CAR-T Trailblazer Carl June Who Collaborated on Novartis’ Kymriah Makes Time's 100 Influential List
A pioneer in CAR-T therapies has been named one of Time Magazine’s 100 most influential people in the world for 2018.
Time selected Dr. Carl June, a University of Pennsylvania trailblazer in gene therapy, for his pioneering work in developing CAR-T treatments for cancer patients, including collaboration with Novartis AG on its approved CAR-T therapy Kymriah.
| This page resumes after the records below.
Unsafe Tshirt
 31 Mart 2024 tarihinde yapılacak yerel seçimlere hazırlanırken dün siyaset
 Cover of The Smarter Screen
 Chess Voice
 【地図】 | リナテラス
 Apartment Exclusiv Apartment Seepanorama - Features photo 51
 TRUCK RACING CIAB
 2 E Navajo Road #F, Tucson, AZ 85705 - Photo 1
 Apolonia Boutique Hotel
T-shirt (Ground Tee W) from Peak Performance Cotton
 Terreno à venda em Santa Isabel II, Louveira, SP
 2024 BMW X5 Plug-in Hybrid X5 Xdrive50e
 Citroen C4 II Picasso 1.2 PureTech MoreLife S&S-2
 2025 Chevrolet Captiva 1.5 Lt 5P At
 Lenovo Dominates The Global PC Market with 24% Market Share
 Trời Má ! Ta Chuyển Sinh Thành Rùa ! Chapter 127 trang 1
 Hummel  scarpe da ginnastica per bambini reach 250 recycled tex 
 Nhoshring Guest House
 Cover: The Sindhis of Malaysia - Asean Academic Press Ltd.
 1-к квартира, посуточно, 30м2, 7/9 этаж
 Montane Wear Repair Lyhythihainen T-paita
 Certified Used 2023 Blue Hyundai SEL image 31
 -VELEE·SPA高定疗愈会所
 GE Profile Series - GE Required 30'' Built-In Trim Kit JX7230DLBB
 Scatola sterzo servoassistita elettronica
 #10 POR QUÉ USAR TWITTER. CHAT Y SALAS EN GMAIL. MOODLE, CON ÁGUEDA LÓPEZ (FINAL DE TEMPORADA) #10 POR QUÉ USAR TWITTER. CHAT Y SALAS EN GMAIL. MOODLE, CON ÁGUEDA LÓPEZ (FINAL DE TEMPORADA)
Chimeric Antigen Receptor T-Cell Therapies (CAR-T) are engineered in a laboratory to recognize a specific antigen in a cell and then administered into a cancer patient. The CAR-T cells should, if all goes as planned, multiply within the body and target the antigen and eliminate the threat. June’s research into CAR-T treatments led to the approval for the first-ever such gene therapy approved for use in the United States. Last year the U.S. Food and Drug Administration approved Novartis AG’s Kymriah (tisagenlecleucel) for patients diagnosed with B-cell precursor acute lymphoblastic leukemia (ALL) that is refractory or in second or later relapse. Kymriah is a genetically-modified autologous T-cell immunotherapy. It is a one-time treatment. Kymriah uses the 4-1BB costimulatory domain in its chimeric antigen receptor to enhance cellular expansion and persistence.
When the FDA approved the treatment, June called it a “significant step forward in individualized cancer treatment.” June, as the Richard W. Vague Professor in Immunotherapy in the department of Pathology and Laboratory Medicine at Penn’s Perelman School of Medicine, worked in close collaboration with the Swiss-based pharma giant on the development of Kymriah, which has since won approval for more indications. At the time of the FDA approval, June said researchers were already eager to “progress CAR-T therapy in a host of hematologic and other cancer types."
In selecting June as one of its august 100, Time said it focused on people whose “influence is likely to grow, so we can look around the corner to see what is coming.”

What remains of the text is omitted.